---------- DATASET CONTENT
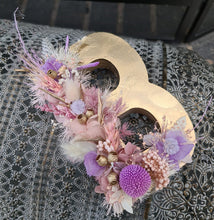 Load image into Gallery viewer, Preserved Everlasting flowers letter B - 15cm - Gold &amp; purple
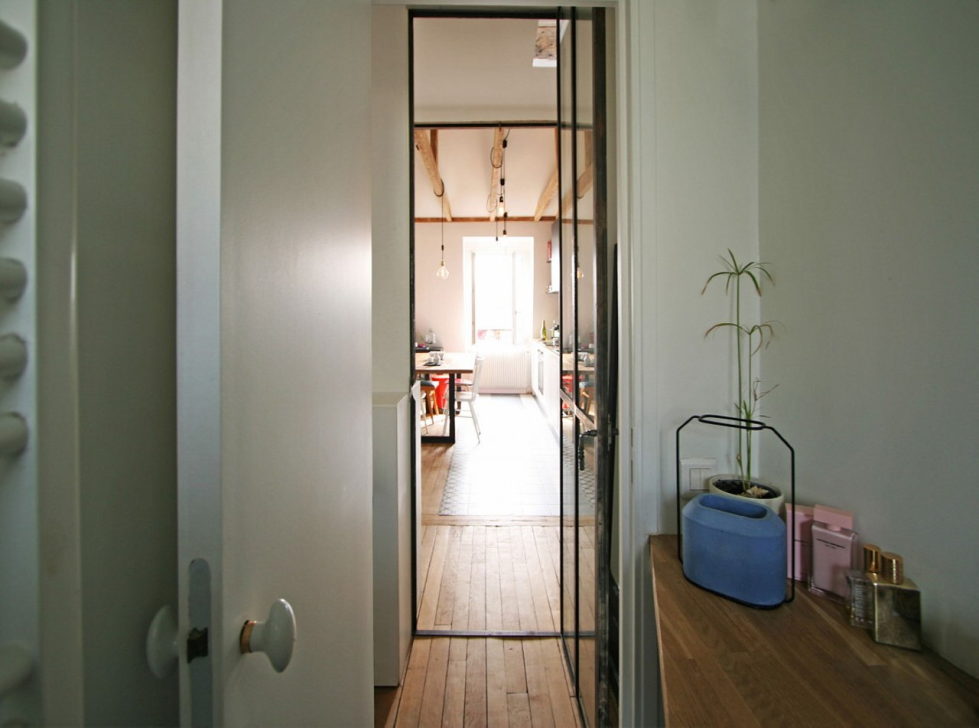 Modern Apartment Instead Of Attic Premises In Paris From Atelier DCCP Architectes 33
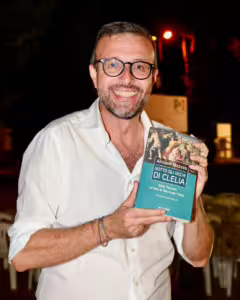 'Sotto gli occhi di Clelia', il nuovo libro di Antonio Mazzeo: "Un viaggio dentro questi cinque anni"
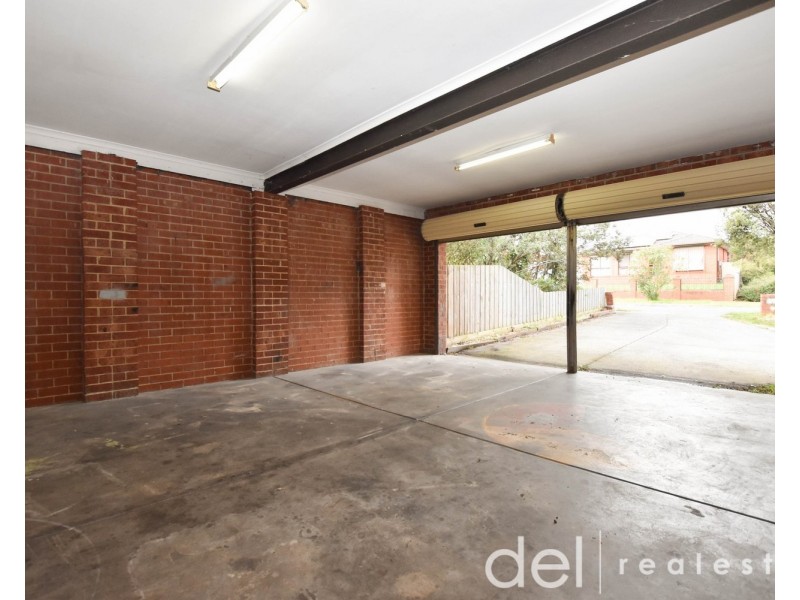 9 Showjump Crescent, Endeavour Hills VIC 3802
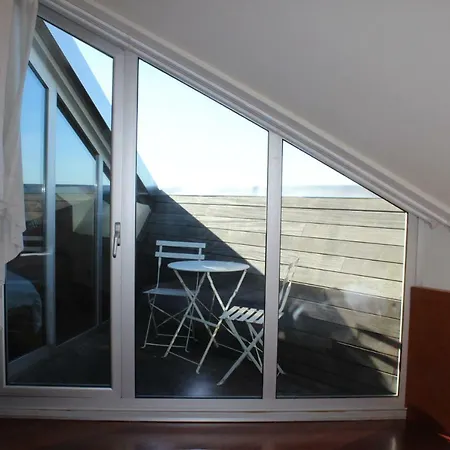 A Casa Rosa- ático En El Centro De Vigo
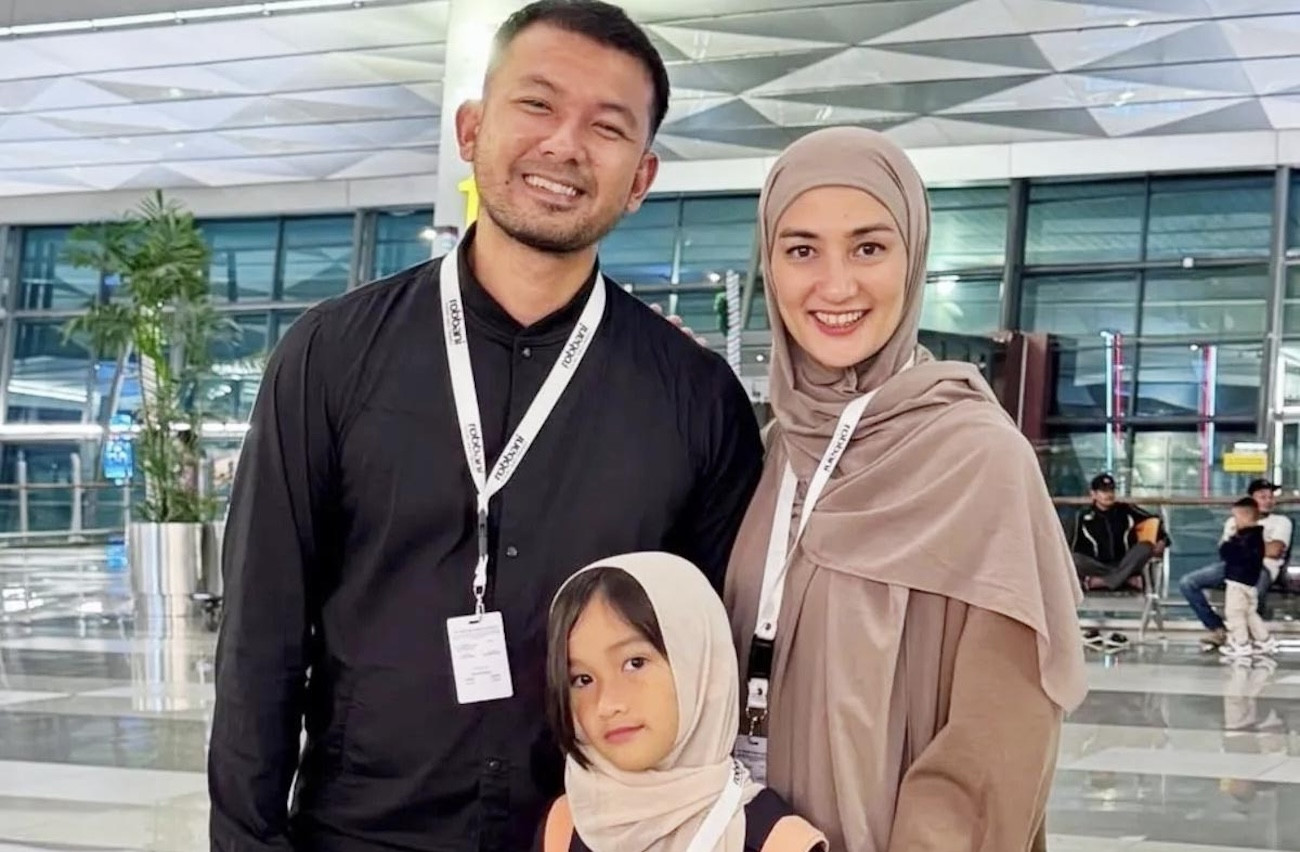 Atiqah Hasiholan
--------------------
*TASK BRIEF*. A faithful copy of all the records is required, with the pictures left out.

*ANSWER TO THIS TASK*.
 Load image into Gallery viewer, Preserved Everlasting flowers letter B - 15cm - Gold &amp; purple
 Modern Apartment Instead Of Attic Premises In Paris From Atelier DCCP Architectes 33
 'Sotto gli occhi di Clelia', il nuovo libro di Antonio Mazzeo: "Un viaggio dentro questi cinque anni"
 9 Showjump Crescent, Endeavour Hills VIC 3802
 A Casa Rosa- ático En El Centro De Vigo
 Atiqah Hasiholan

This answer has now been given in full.